Thank you all for your support as I prepared to pick up my ten-year-old from Summer Camp. I was a little nervous on the way there, but relaxed by listening to calming music. Upon arriving at his cabin, I found him pretending to be asleep on a sofa in the commons room, but he bounced up as soon as he heard my voice. He was ready to come home. I gave him a big hug before gathering up all his stuff for the big return. Before I started up the van, I mentioned the roadside park I planned on stopping at and mentioned that would be our only stop.

He agreed to the plan and the ride home went smoothly. I did have a recording from his dad that reminded him to try not to melt down in the van, but I didn't need to use it.
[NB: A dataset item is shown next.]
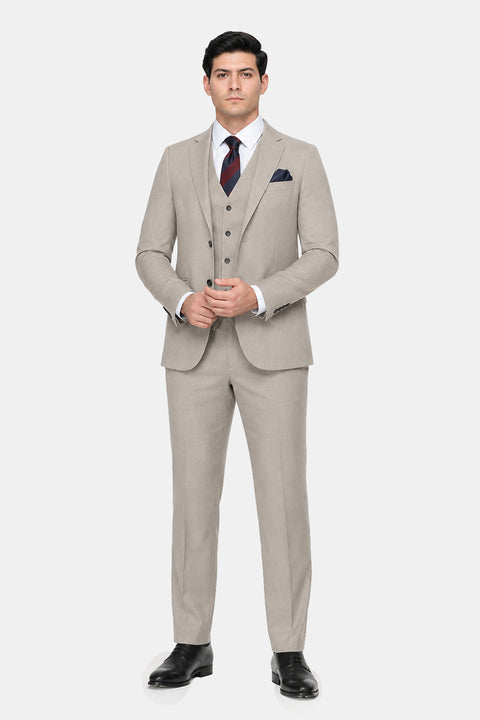 Slim Fit Suit Gray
I'm particularly glad we avoided any incidences involving flying shoes and had a safe ride home. He tends to throw them at people when upset. That, as you can imagine, can be more than a little distracting when driving.

My guy had a little trouble adjusting to the transition once he arrived home--fighting with his brother (who was being really ornery as he too adjusted), yelling at me for pulling out his camp photo instead of letting him do it, and insisting that we go to the grocery store immediately to replace the corn on the cob that we ate while he was gone. All that happened in the space of an hour, but then he settled down.

Today, his dad will do the usual Saturday grocery shopping. Corn on the cob will definitely be on the list. The grocery shopping is an indication that things are going back to normal (normal for us, anyway) after three weeks of irregularity. Three weeks ago his dad was at a week long conference in Vancouver Canada. The next week we went on a mini-vacation. Then finally, C1 was off to summer camp. This upcoming week no one in our family is planning on going anywhere. It sounds a little boring, but I'm kind of looking forward to the relaxed change of pace!